## INPUT FOR THIS TASK
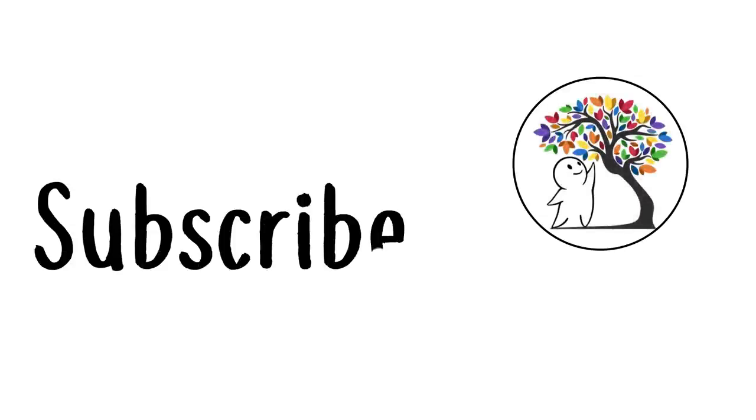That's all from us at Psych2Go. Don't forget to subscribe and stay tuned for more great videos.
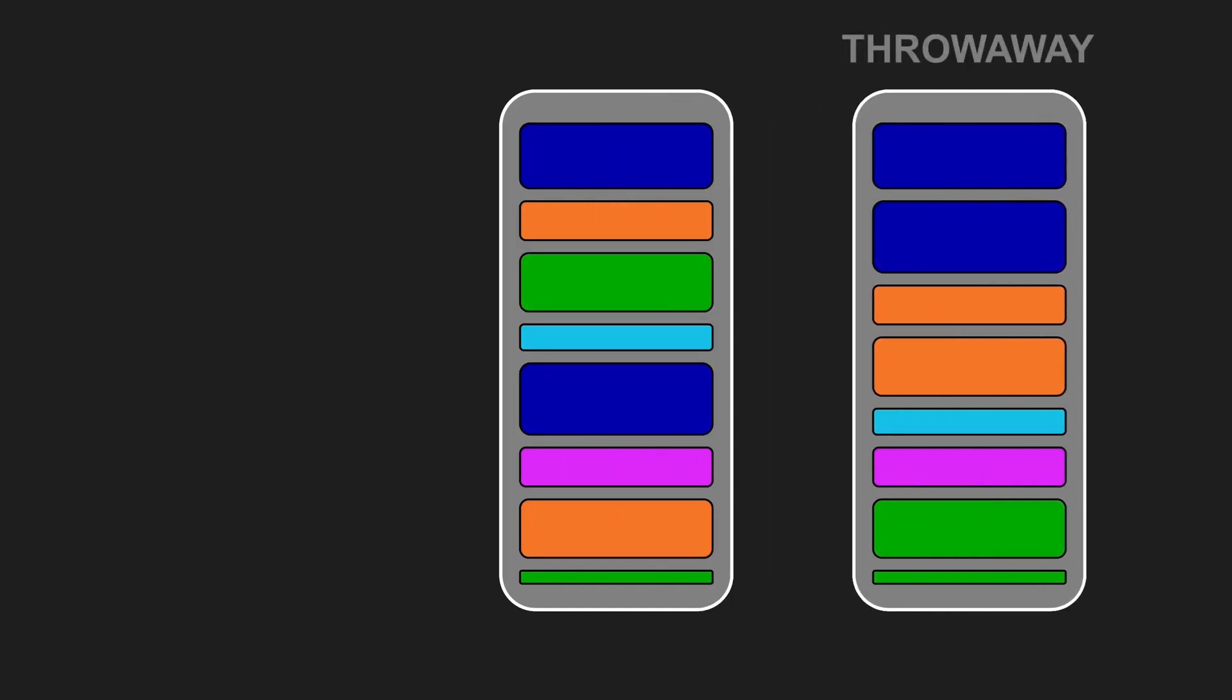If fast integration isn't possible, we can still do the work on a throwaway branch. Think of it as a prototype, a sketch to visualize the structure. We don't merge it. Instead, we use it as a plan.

...

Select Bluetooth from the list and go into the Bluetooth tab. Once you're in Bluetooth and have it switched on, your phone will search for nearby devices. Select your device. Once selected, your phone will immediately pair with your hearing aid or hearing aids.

## WHAT NEEDS TO BE DONE
Within the listing above, copy exactly the lines that start at the one with "That's all from" and continue through the one with "If fast integration". Omit pictures.

## COMPLETED TASK
That's all from us at Psych2Go. Don't forget to subscribe and stay tuned for more great videos.
If fast integration isn't possible, we can still do the work on a throwaway branch. Think of it as a prototype, a sketch to visualize the structure. We don't merge it. Instead, we use it as a plan.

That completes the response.